### Records contained in a dataset:

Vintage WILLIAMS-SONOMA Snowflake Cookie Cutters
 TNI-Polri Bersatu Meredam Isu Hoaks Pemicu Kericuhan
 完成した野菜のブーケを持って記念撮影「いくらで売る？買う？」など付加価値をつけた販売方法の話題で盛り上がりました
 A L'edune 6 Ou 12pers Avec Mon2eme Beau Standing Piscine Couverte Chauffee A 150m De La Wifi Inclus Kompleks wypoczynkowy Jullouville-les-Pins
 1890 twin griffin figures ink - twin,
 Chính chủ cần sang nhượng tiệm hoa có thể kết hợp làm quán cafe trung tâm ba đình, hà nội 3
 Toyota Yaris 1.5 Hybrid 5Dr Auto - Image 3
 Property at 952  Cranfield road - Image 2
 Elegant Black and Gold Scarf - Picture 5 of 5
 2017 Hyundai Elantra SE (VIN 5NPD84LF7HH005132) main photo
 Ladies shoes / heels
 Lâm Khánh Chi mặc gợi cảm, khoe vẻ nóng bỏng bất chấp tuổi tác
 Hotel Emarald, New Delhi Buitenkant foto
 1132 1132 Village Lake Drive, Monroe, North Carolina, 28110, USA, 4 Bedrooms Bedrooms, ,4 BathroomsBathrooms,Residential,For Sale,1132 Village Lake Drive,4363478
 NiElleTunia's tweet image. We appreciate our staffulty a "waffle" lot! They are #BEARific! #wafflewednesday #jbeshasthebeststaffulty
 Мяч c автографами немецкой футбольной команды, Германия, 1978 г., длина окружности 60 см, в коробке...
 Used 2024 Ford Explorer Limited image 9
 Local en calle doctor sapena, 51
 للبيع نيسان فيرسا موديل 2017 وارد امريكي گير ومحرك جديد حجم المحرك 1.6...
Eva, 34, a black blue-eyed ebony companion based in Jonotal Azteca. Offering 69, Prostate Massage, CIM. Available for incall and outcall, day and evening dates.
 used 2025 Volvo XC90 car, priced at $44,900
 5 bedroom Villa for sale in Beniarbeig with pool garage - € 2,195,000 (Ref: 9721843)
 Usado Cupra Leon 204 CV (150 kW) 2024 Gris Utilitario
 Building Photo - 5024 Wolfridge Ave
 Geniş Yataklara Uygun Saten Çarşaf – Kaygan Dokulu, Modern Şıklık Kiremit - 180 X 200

### EXERCISE BRIEF:
Reproduce the records above exactly, from the first line through the line containing "完成した野菜のブーケを持って", and output nothing else.

### COMPLETED EXERCISE:
Vintage WILLIAMS-SONOMA Snowflake Cookie Cutters
 TNI-Polri Bersatu Meredam Isu Hoaks Pemicu Kericuhan
 完成した野菜のブーケを持って記念撮影「いくらで売る？買う？」など付加価値をつけた販売方法の話題で盛り上がりました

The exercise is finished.